Dieses Leben und Einlösen des ameri­ka­ni­schen Traums wirkt zwar einer­seits so naiv wie King Vidors Adaption von Ayn Rands Kapi­ta­lis­mus­klas­siker The Foun­tain­head, doch wie schon in Vidors Foun­tain­head, einer von Slavoj Žižek’s fünf liebsten Filmen, gerade weil er ultra-kapi­ta­lis­ti­sche und hyper-indi­vi­dua­lis­ti­sche Propa­ganda völlig unhin­ter­fragt spiegelt, doch inte­grieren Affleck und Damon eine weitere Ebene, die das rein kapi­ta­lis­ti­sche Narrativ noch einmal erweitern. Denn sie erzählen auch eine afro­ame­ri­ka­ni­sche Fami­li­en­ge­schichte, in der die Haupt­person, Michael Jordan, nicht einmal in ganzer Person zu sehen ist, aber über Michaels Mutter Deloris und ihre revo­lu­ti­onäre Forderung nach einer finan­zi­ellen Betei­li­gung deutlich wird, dass das kapi­ta­lis­ti­sche System eines der wenigen Gesell­schafts­sys­teme ist, das Rassismus sowohl etablieren und instru­men­ta­li­sieren als auch – zumindest wirt­schaft­lich – elimi­nieren kann.
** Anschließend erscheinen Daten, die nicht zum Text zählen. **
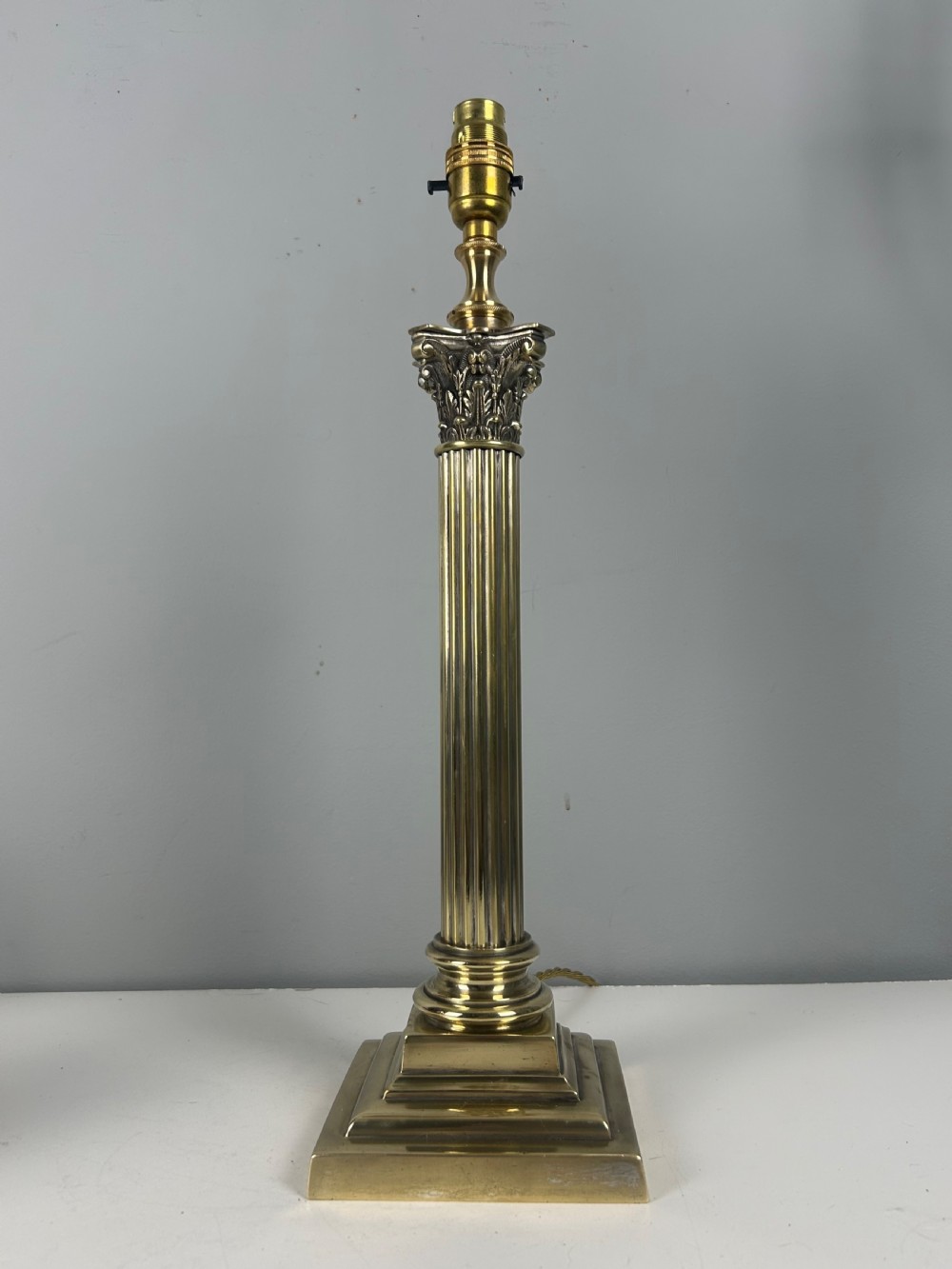 Hinks & Sons Victorian Brass Corinthian Column Table Lamp, Rewired  View V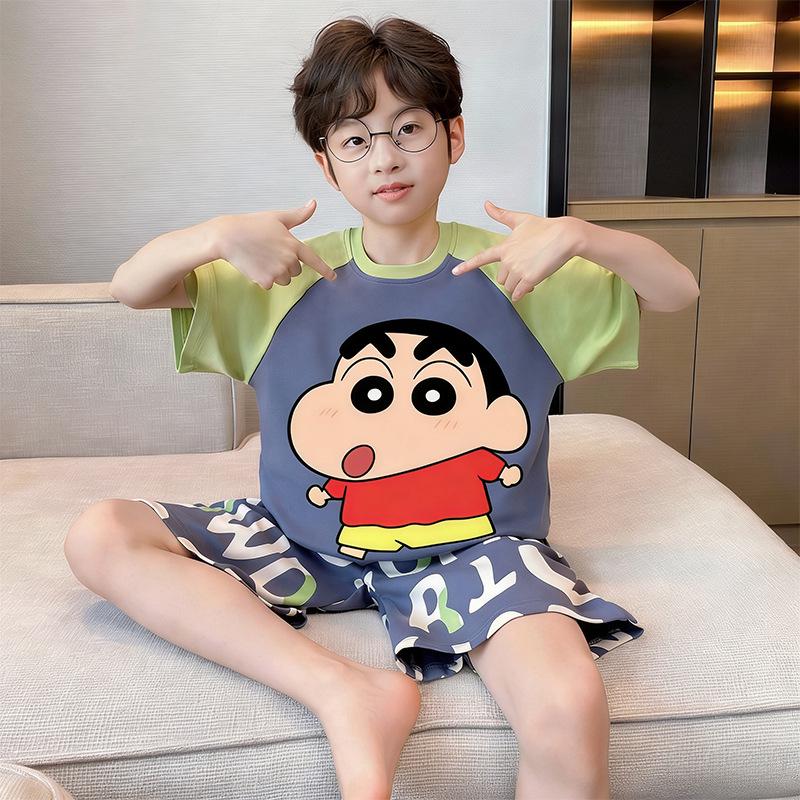 2026 Summer Boys' Nezha Cartoon Pajama Set - Round Neck, Short Sleeve, Lightweight Two-Piece for Indoor/Outdoor Wear.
Gleich­zeitig zeigt Air: Der große Wurf eine Welt, die Mitte der 1980er Jahre vor einer ihrer größten Umwäl­zungen steht. Noch existiert die Sowjet­union, noch gibt es einen Kampf der Systeme, dessen Ausgang noch nicht absehbar ist. Afflecks Film sieht sich deshalb auch wie ein großes Atemholen der Kernideen des Kapi­ta­lismus. Hier wird alles durch­ge­spielt, was später relevant und zum System­vor­teil werden wird. Zwar sind die Deutschen hier die einzigen Konkur­renten einer noch nicht globa­li­sierten Welt, aber die Taktiken, diese Welt zu erobern und zu beherr­schen, werden sich nicht ändern. Denn auch was hier an perso­na­li­siertem Marketing revo­lu­ti­onär etabliert wird, ist im Grunde das Herz dessen, was mit dem digitalen Sprung wenige Jahre später die sozialen Netzwerke nur noch multi­pli­zieren müssen. Und was hier noch ein fast domes­ti­zierter, vorsich­tiger und zutiefst mensch­li­cher Kapi­ta­lismus ist, der in seiner komplexen Krea­ti­vität und der Verschmel­zung von Indi­vi­duum und Gruppe so beein­dru­ckend ist wie ähnliche Geschichten, etwa die von John Lee Hancock über die Fastfood-Indus­tria­li­sie­rung durch McDonalds in The Founder, wird sich mit dem Fall des Kommu­nismus und dem Sieg eines Systems zu einer kaum mehr kontrol­lier­baren Monstro­sität auswachsen. Einem Neoli­be­ra­lismus, hinter dessen poli­ti­scher wie wirt­schaft­li­cher Doppel­moral im Grunde nur eine Wahrheit pulsiert, das alte Nike-Motto: »Break the rules.«

Diese so kluge wie ambi­va­lente Botschaft wird gleich durch noch einen weiteren Subtext erweitert, denn so wie in Air Wirt­schafts­prak­tiken- und Abhän­gig­keiten grund­le­gend verändert werden, haben sich auch Ben Affleck und Matt Damon 2022 für ihr Produk­ti­ons­un­ter­nehmen Artists Equity zusam­men­getan, um im Zeitalter der Verträge mit Strea­ming­diensten ein neues Umsatz­be­tei­li­gungs­mo­dell einzu­führen. Was Air: Der große Wurf nicht nur zu einem hell­sich­tigen Film über unser Gestern und Heute, sondern auch zu einem hand­festen Expe­ri­ment für unser Morgen macht.